Regarding the initial parameters, if the following TEMP CHECK moves to the AFRC stage we will provide our recommended initial parameters for community discussion. Regarding the ETA, because of external audits and other factors, it is not possible to provide a rough ETA. Once the code is finalized, we will request a review from @bgdlabs.

@gnrv & @sogipec thank you both for your insights!
We will take time to review the Transmuter along with the other feedback provided.


Chaos Labs fully supports the introduction of the GHO Stability Module. We believe that incorporating a stability module or similar mechanics is crucial to ensure the stability of decentralized stablecoins, especially considering the current state of the crypto markets. Drawing from the analysis of Maker PSM’s historical behavior, we must avoid the significant pitfalls that arose from excessive reliance on USDC.

Regarding the specific innovations proposed:

Price Strategies: We consider enabling dynamic strategies to be vital for addressing unforeseen events and providing effective mitigation. However, it is essential to define these strategies carefully. Initially, we recommend implementing a fixed price strategy, as suggested, since it can be deployed quickly and should suffice while the PSM is still relatively small.

Debt Ceiling: We view the debt ceiling as a potent tool for mitigating the adverse effects of over-reliance on centralized stablecoins.
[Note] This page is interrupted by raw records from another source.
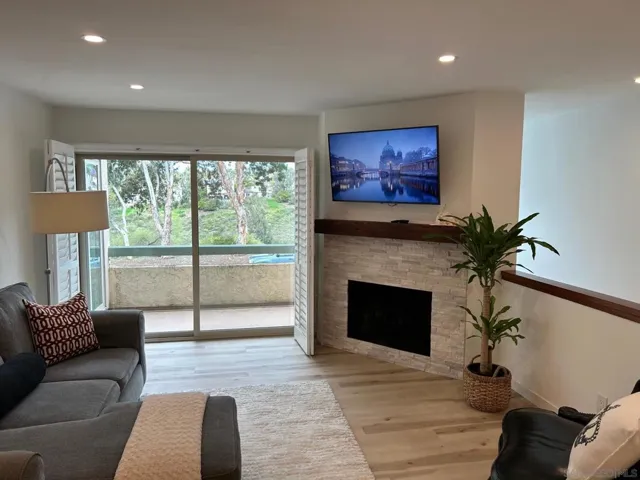 6211 Calle Mariselda 103, San Diego, California 92124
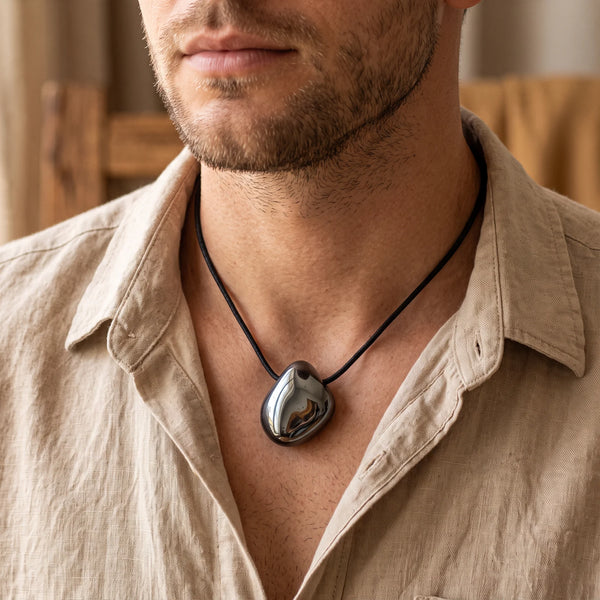Collier homme pendentif hématite roulée et percée sur cordon ciré noir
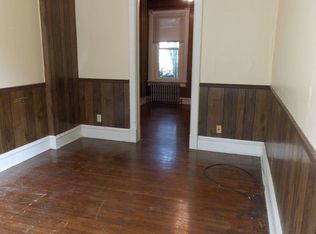 745 Monument St APT 1, Lebanon, PA 17046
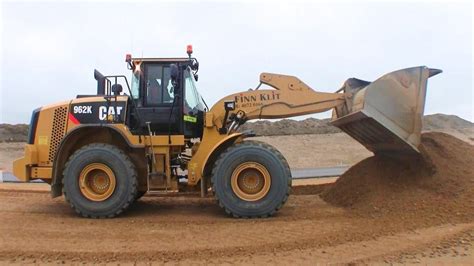 Cat 962k Wheelloader Working On The New Motorway Youtube
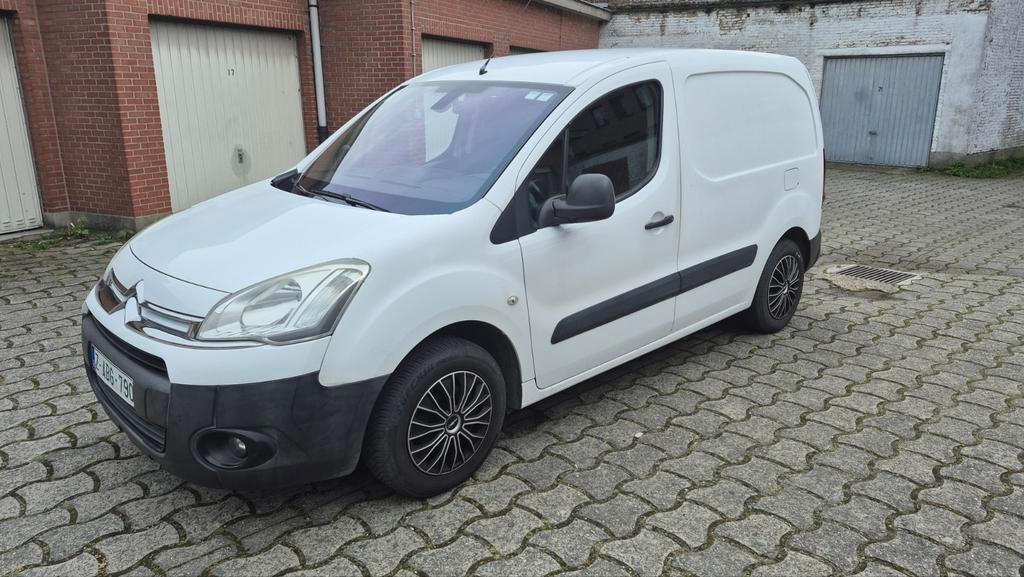 Citroën Berlingo 1.6hdi automatique 2014 diesel 220 000km, Achat, Citroën, Automatique, Particulier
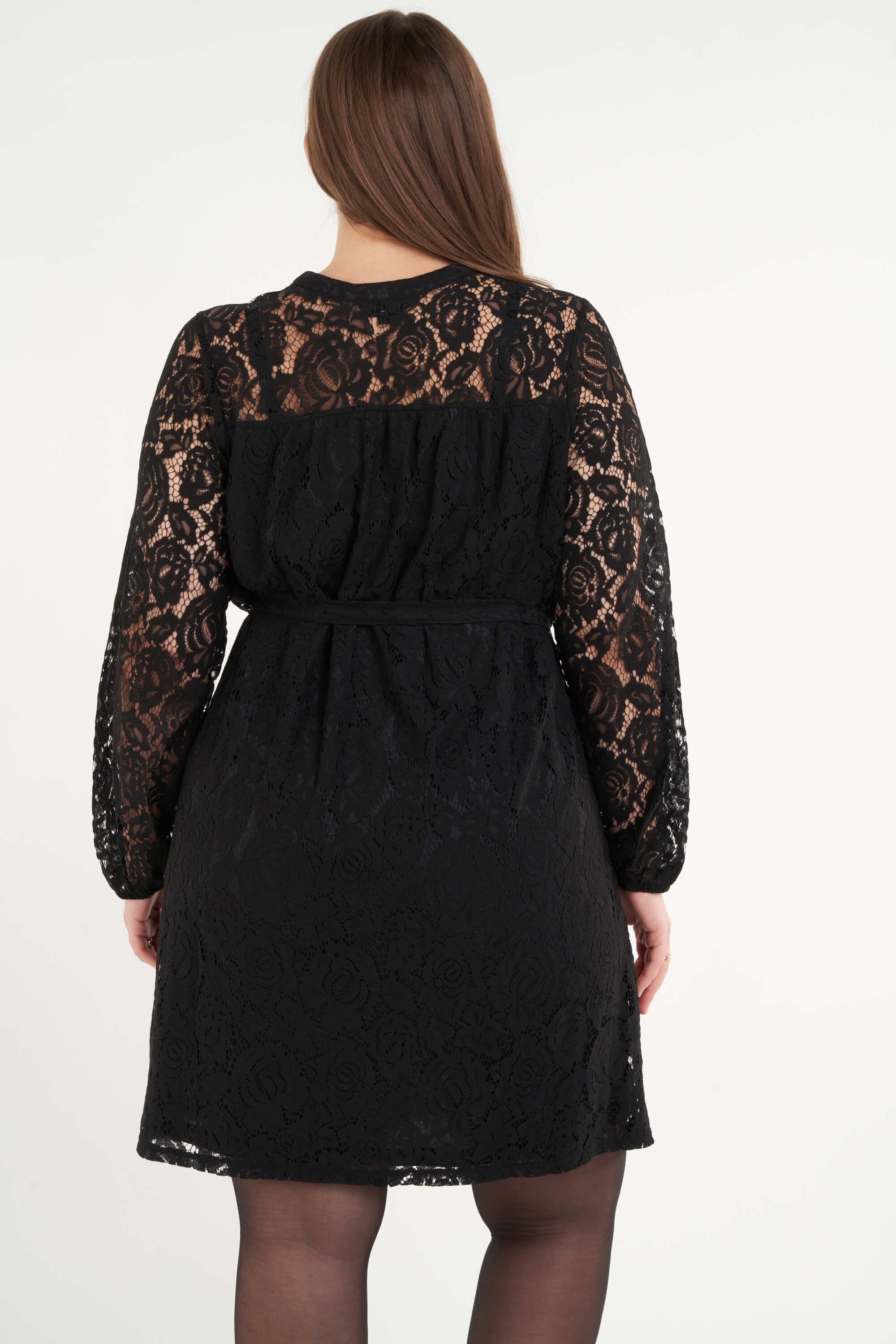 Robe en dentelle image number 3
Building on the approach proposed by @sogipec, it is important to set the ceilings in a relative manner. However, we differ in our opinion on the approach itself. Instead of setting debt ceilings relative to each other, we believe they should be relative to the circulating supply of GHO. Furthermore, we advocate for the inclusion of a hard cap as originally proposed.
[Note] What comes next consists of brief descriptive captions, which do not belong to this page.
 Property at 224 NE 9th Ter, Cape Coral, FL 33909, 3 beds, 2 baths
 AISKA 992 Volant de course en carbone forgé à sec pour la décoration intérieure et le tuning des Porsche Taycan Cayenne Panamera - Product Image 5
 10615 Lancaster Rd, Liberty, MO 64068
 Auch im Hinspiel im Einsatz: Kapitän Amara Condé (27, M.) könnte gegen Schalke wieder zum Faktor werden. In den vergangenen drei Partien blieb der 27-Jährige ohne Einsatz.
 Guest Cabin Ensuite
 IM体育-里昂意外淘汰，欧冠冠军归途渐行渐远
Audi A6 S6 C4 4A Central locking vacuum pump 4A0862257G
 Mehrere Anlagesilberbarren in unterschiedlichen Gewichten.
In the event of a depeg event, users can supply the depegged asset and mint GHO, similar to what occurred with DAI during the USDC depegging. With responsible debt ceiling settings and secondary market liquidity, withdrawing other stablecoins from the PSM becomes a secondary consideration for the protocol. The primary mitigation for such scenarios should be employing dynamic price strategies.

Daily Limits: In addition to the debt ceiling, we believe that imposing limits on the velocity of stablecoin influx is an effective risk mitigation measure. This was observed during the USDC depeg incident in the DAI PSM, where Maker DAO limited the daily amount of USDC that could be deposited into the PSM. Therefore, we recommend considering the implementation of such a mechanism for the GHO Stability Module that will limit the total amount of GHO that can be minted daily by the PSM.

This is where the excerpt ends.